Planners and community members are working to stitch together ideas for the new $18 million Uphams Corner library and updates to its neighbor, the iconic Strand Theatre, as the village’s planning implementation process chugs along.
About 50 people participated in a group discussion at the Cape Verdean Adult Day Care center on Hancock Street on Jan. 17 where they considered the pros and cons of alterations to the Strand and imaginative connections to a next-door library with 21st century features.
Colorful cards speckled the walls, remnants from a November meeting on the future of the Strand. Comments on them addressed programming and performance spaces, the theatre as a cultural hub, gentrification, a sustainable business model for the theatre, its role as a center for arts in the community, the library as a complementary resource – and the time frame for the planning process.
Feedback from the Jan. 17 meeting will inform a follow-up meeting on Wed., Feb. 28.
Some capital improvements are already under way at the Strand, said Julie Burros, the city’s chief of arts and culture. Modifications will bring it up to code, “particularly with life safety and accessibility for people with disabilities,” she said. The theatre is closed while construction is ongoing.
Priscilla Foley, director of neighborhood services for the Boston Public Library, said the library was sorting through requests from community members on aspects of the new facility – green space, a community art tie-in, and gallery areas – that could be included in the planning.

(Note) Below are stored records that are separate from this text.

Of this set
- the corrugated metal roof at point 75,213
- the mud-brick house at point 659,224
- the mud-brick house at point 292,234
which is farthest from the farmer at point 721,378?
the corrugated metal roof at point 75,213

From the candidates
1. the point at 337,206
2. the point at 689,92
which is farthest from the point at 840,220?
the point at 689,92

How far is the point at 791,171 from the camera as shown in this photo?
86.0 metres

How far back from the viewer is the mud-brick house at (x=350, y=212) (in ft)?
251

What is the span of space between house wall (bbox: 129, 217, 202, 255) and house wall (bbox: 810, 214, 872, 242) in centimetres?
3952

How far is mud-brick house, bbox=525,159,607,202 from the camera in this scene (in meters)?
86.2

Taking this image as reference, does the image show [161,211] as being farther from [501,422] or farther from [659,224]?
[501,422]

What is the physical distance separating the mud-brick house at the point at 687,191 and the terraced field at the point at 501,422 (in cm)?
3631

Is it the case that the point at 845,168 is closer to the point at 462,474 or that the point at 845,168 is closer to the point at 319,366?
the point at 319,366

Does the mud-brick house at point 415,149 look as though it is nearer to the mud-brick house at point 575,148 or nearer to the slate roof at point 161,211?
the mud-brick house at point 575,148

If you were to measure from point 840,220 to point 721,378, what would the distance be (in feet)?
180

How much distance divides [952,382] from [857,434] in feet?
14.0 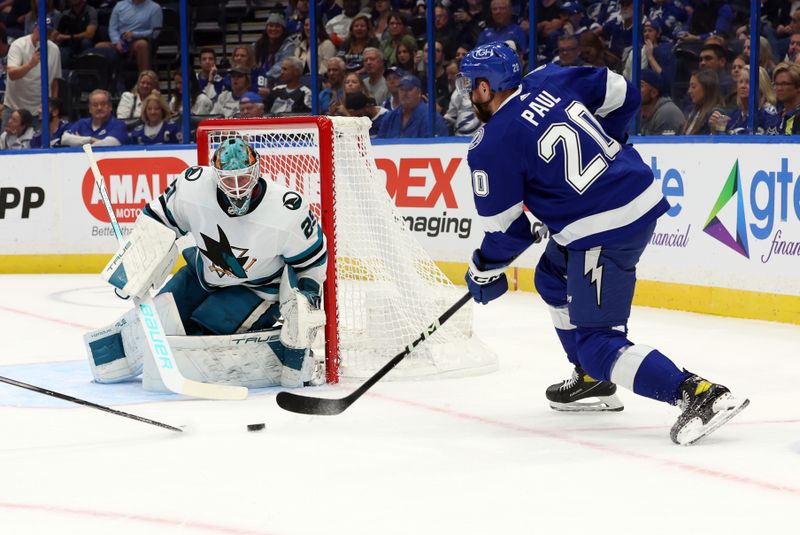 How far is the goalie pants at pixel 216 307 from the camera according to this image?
4.15 metres

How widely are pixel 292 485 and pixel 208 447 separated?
47 cm

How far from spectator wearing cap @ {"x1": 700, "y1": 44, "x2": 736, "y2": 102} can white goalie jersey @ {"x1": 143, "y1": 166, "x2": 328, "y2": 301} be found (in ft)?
9.31

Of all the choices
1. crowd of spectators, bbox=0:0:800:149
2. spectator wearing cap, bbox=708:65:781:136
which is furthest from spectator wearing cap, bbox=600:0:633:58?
spectator wearing cap, bbox=708:65:781:136

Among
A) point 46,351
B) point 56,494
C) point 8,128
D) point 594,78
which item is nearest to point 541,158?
point 594,78

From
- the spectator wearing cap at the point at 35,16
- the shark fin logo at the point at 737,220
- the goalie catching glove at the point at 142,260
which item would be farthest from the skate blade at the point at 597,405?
the spectator wearing cap at the point at 35,16

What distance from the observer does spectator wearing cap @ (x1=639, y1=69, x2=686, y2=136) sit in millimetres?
6316

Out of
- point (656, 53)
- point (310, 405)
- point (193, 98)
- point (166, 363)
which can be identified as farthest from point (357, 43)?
point (310, 405)

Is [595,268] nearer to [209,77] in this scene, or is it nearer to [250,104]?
[250,104]

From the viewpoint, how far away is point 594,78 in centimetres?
340

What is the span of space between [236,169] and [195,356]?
636 millimetres

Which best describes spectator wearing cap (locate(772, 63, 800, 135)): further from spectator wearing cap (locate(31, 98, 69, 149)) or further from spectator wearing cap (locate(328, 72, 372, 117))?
spectator wearing cap (locate(31, 98, 69, 149))

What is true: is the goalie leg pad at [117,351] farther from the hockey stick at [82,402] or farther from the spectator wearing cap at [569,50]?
the spectator wearing cap at [569,50]

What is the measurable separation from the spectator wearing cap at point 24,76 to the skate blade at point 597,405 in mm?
5860

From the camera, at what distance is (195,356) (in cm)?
404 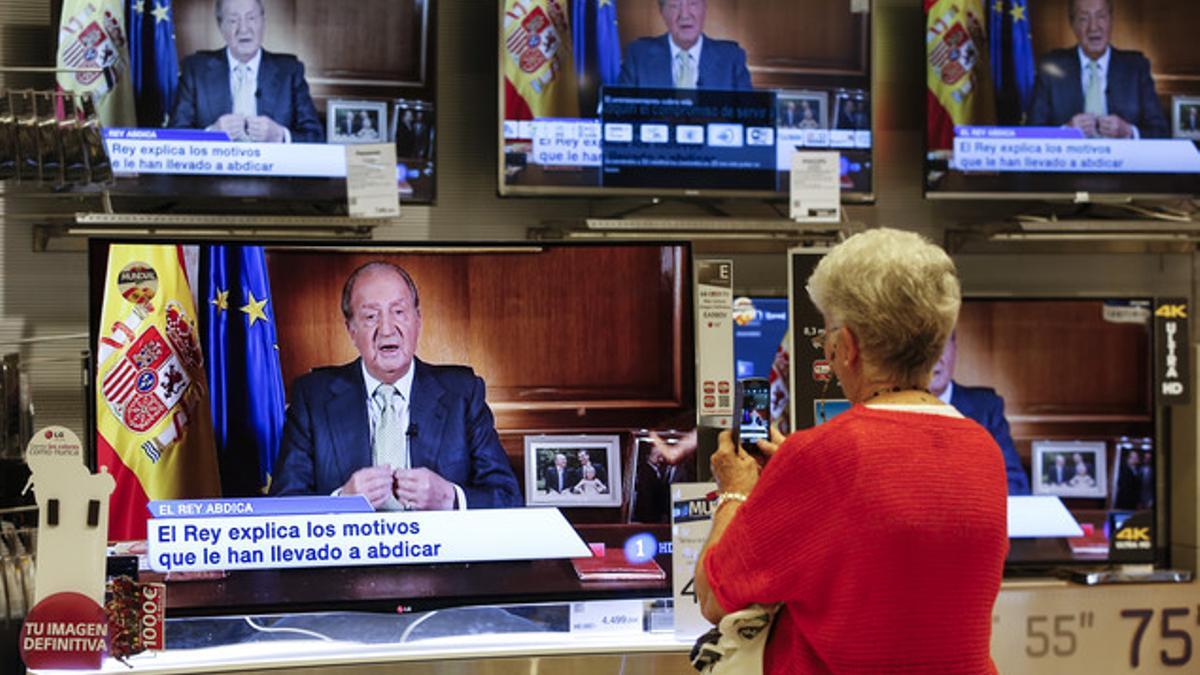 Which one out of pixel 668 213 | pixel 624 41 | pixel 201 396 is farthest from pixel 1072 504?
pixel 201 396

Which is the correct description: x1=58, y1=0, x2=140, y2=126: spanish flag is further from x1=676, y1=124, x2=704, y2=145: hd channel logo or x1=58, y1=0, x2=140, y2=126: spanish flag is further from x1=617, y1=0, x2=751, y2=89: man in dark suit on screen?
x1=676, y1=124, x2=704, y2=145: hd channel logo

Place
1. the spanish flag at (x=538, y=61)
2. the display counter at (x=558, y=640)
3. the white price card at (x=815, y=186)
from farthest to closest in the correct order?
the spanish flag at (x=538, y=61)
the white price card at (x=815, y=186)
the display counter at (x=558, y=640)

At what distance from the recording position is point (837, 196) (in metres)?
3.71

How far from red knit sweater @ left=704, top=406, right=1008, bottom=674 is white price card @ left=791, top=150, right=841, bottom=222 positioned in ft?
5.82

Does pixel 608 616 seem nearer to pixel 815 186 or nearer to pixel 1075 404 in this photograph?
pixel 815 186

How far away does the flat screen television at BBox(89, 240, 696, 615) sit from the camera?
3.30m

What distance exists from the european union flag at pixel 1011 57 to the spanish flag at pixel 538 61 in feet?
4.36

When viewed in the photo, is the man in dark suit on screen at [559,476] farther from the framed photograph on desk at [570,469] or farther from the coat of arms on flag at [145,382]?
the coat of arms on flag at [145,382]

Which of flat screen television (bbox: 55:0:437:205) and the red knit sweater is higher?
flat screen television (bbox: 55:0:437:205)

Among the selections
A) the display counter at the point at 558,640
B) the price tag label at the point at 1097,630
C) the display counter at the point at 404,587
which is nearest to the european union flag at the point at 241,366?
the display counter at the point at 404,587

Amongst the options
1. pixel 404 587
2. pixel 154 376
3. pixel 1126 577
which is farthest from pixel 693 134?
pixel 1126 577

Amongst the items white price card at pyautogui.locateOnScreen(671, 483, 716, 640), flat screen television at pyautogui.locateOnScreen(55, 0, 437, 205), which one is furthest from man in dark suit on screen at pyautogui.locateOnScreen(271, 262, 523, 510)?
flat screen television at pyautogui.locateOnScreen(55, 0, 437, 205)

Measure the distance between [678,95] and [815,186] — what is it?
2.21 ft

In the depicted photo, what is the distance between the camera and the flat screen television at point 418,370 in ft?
10.8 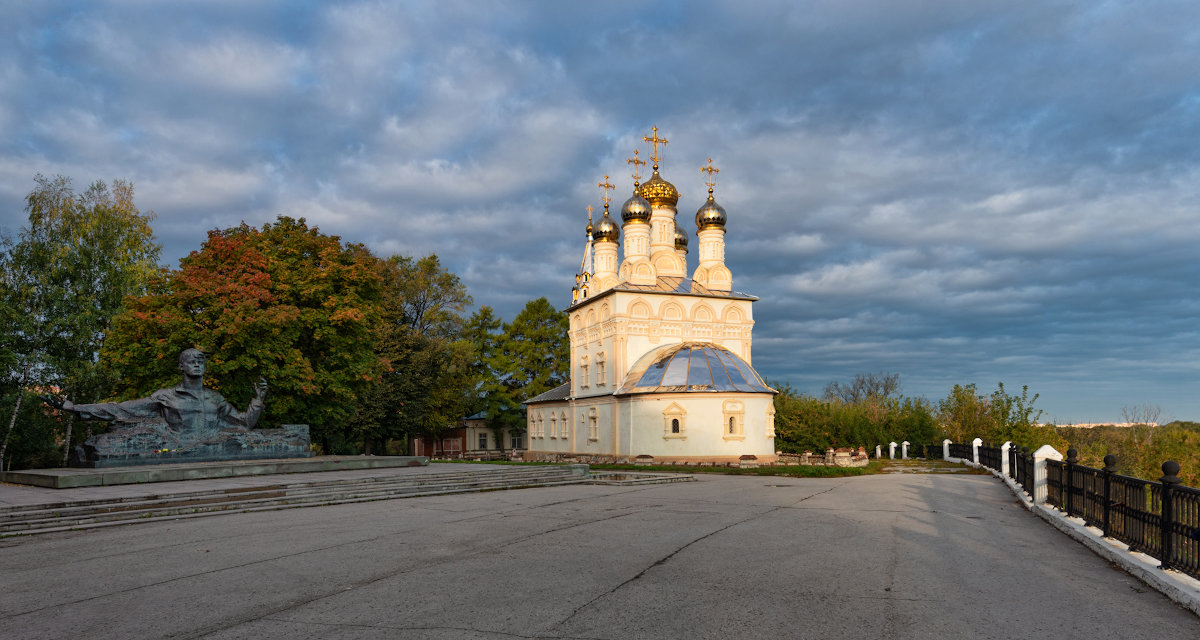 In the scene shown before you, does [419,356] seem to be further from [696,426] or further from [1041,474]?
[1041,474]

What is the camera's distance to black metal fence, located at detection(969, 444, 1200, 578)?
6.95 meters

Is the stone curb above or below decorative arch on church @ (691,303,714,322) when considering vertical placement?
below

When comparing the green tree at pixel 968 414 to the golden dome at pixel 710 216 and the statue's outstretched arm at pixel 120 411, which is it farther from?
the statue's outstretched arm at pixel 120 411

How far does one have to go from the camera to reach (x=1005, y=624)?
5816 mm

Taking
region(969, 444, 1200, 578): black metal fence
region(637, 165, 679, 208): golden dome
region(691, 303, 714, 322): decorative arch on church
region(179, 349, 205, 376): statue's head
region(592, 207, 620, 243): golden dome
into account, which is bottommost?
region(969, 444, 1200, 578): black metal fence

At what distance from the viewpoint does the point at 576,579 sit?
7.34 meters

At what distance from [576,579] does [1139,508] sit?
620 cm

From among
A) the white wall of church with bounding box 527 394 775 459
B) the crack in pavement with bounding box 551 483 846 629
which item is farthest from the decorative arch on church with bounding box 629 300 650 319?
the crack in pavement with bounding box 551 483 846 629

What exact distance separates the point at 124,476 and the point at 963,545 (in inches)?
613

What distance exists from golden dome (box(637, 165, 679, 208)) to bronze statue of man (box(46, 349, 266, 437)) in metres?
27.4

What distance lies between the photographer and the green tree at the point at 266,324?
21688mm

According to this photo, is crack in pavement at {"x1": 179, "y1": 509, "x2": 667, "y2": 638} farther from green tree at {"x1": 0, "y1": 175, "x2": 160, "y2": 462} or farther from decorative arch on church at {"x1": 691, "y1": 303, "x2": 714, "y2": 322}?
decorative arch on church at {"x1": 691, "y1": 303, "x2": 714, "y2": 322}

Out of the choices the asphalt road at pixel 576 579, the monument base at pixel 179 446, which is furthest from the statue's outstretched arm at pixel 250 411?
the asphalt road at pixel 576 579

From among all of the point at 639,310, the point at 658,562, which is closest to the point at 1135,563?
the point at 658,562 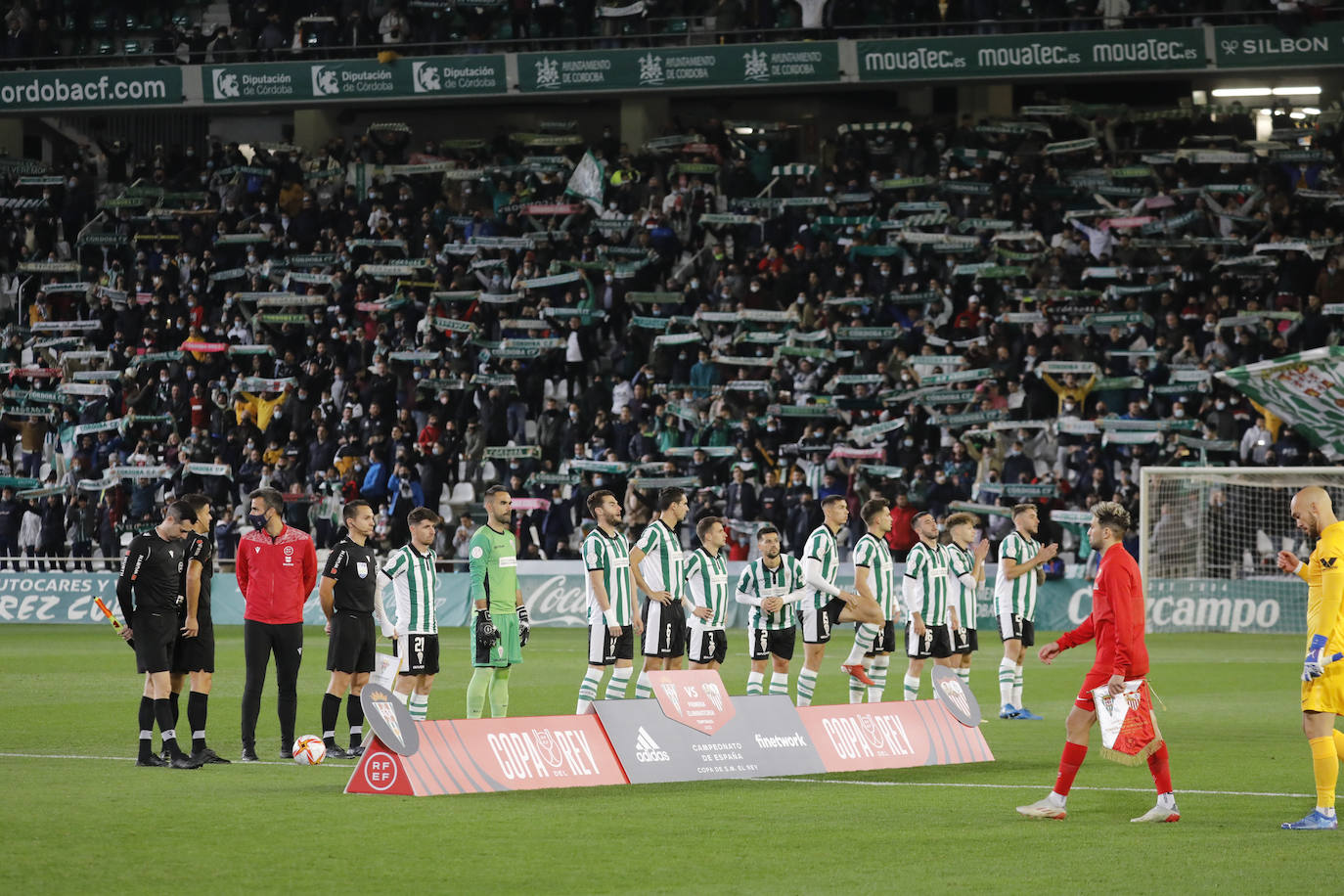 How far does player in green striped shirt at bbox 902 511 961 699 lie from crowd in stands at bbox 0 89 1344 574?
1161 centimetres

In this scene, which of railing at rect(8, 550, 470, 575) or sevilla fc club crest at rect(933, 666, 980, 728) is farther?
railing at rect(8, 550, 470, 575)

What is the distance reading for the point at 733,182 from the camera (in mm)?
37344

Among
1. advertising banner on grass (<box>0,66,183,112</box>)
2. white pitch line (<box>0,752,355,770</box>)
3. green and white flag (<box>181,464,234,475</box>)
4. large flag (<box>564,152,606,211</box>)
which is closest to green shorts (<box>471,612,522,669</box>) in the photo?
white pitch line (<box>0,752,355,770</box>)

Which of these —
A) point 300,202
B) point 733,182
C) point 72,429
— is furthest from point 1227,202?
point 72,429

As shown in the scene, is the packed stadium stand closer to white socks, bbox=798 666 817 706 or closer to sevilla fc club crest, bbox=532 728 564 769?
white socks, bbox=798 666 817 706

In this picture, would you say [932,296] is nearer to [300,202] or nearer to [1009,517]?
[1009,517]

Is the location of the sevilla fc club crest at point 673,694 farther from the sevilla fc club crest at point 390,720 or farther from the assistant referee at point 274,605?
the assistant referee at point 274,605

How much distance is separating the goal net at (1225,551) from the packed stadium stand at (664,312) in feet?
0.97

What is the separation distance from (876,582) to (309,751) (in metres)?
5.63

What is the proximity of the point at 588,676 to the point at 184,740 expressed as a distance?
135 inches

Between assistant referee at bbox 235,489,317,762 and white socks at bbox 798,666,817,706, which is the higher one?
assistant referee at bbox 235,489,317,762

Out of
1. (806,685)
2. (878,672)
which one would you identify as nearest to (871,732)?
(806,685)

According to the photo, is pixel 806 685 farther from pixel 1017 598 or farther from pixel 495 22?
pixel 495 22

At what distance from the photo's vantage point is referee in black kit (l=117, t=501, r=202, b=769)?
13383mm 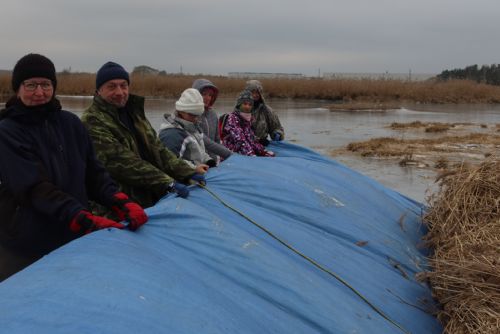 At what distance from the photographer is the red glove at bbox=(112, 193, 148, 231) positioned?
2.46 m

“We want the operation of the library to be as flexible and accessible as possible,” she said.
As to the Strand, the use of the 1,400-seat theatre can be limited by its monolithic nature – renting it out means booking the entire building, even if only a small portion is needed. Community members were asked to consider whether its should be preserved in its entirety, partitioned in some way, and to what extent should it interact with the new library.
The Uphams Corner Implementation Plan will stretch out across two phases. The first, about planning, is under way and will conclude with the city releasing a Request For Proposals this spring. Officials expect to select development teams next fall after considering RFP responses, with the ultimate goal of kicking off 24-30 months of construction on the parcels in the fall of 2019.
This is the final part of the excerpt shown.